Load the data set workers:
workers<-read.file("/home/emesekennedy/Data/Ch5/workers.txt")
## Reading data with read.table()
The mean salary for the entire population of 1000 workers is
mu<-mean(~salary, data=workers)
mu
## [1] 23600.19
The standard deviation of salary for the entire population of 1000 workers is
s<-sd(~salary,data=workers)
s
## [1] 19269.82
Create 1000 simple random samples of size 100, and record the mean \(\bar{x}\) for each of the samples:
samples<-do(1000)*mean(~salary,data=sample(workers, 100, replace=T))

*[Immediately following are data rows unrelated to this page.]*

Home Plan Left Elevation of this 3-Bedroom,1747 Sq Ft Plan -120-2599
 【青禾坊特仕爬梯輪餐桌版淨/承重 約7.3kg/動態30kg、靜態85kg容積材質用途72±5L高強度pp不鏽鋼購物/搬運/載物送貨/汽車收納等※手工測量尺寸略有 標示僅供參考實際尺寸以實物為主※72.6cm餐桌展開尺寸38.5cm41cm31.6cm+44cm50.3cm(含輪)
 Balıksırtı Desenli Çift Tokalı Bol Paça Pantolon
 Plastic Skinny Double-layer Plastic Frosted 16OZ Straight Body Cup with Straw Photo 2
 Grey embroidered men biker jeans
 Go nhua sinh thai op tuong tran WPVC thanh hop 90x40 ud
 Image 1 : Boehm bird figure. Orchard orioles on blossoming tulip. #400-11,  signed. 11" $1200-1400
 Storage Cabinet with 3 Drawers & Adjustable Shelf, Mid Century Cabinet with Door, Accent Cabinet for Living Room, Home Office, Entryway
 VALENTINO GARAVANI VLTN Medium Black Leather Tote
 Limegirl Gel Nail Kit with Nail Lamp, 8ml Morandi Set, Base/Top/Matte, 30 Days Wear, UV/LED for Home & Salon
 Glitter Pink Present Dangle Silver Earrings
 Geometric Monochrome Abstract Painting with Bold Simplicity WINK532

Rename the column name in samples:
names(samples)[1]<-"xbar"
Find \(z^*\) for the 95% confidence interval
qdist("norm", mean=0, sd=1, c(.025, .975))
## [1] -1.959964 1.959964
So \(z^*\) is approximately 1.96. Compute the margin of error:
m<-1.96*s/10
m
## [1] 3776.885
Add a column to samples that has the lower bound for the 95% confidence intervals for each of the 1000 samples:
samples<-transform(samples, lower=xbar-m)
Add a column to samples that has the upper bound for the 95% confidence intervals for each of the 1000 samples:
samples<-transform(samples, upper=xbar+m)
Create a subset with the samples for which the population mean \(\mu\) lies within the computed 95% confidence intervals:
samples2<-subset(samples, lower<mu & upper>mu)
Output the number of observations in this subset using the command
nrow(samples2)
## [1] 955
So 955 out of the 1000 samples, or 95.5% of the samples had the population mean lie in the 95% confidence interval.